I don’t have a problem with people who make these statements. They’re only trying to advance their own agendas and I suppose it could be argued that I’m cherry picking in order to advance my thesis. I do have a problem with people who have the responsibility to their profession to query these assertions instead of soft ball questions and rapt attention. Pollsters say that CNN’s rating are dropping because it relies on facts rather than staking out an ideological stance and having more opinion. For 2011 the number one cable news channel in America is “fair and balanced” Fox news.
 I’m a science guy rather than humanities person but I do have analogues.
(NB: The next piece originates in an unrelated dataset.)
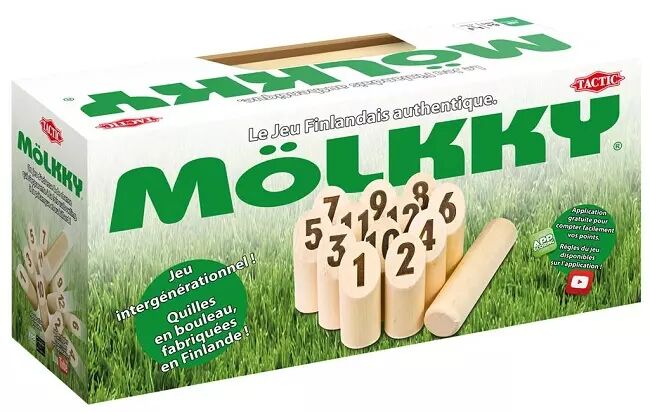 Mölkky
In undergraduate school, I remember that the dosage levels for drugs were implied to have been handed down from God or in more measured form that the pharmaceutical companies had done their “due diligence” and based their dosage range on careful, extensive and statistically valid studies.  Later on in life I discovered that a lot of these ranges had been based on the results derived from studies on a rather small group of white, healthy, middle class males. When your non white, sickly, poor female did not show the expected response to the dosage, it was not biological variability or patient non compliance but a normal aspect of a systemic faulty analysis of the data. The patient in this case is the body politic and we desperately need people to objectively analysis the situation and offer solutions to very important questions which go beyond the usual boundaries of academia. On this day of reflection the world of Harper and Trump has no humility or altruism.

Final Comment

1 comment:

  1. This is very interesting. The reason why I asked for your perspective on this is that my entire family is planning to vote Conservative in these elections. Even my sister, who is a passionate feminist and has very Liberal views, will vote for them. The explanation they give is "Of course, harper is a jerk but he got us so well through the economic crisis. Let's just allow him to keep doing it."

    I obviously don't want my family to vote Conservative. But when they start giving me the argument that Canada did get through the recession very well, the housing market wasn't destroyed by plummeting prices and the situation on the job market is quite good, I don't know what to respond. Because all that is right.

    I've lived outside Canada for a while, so I have no idea how to respond. Do you have any suggestions?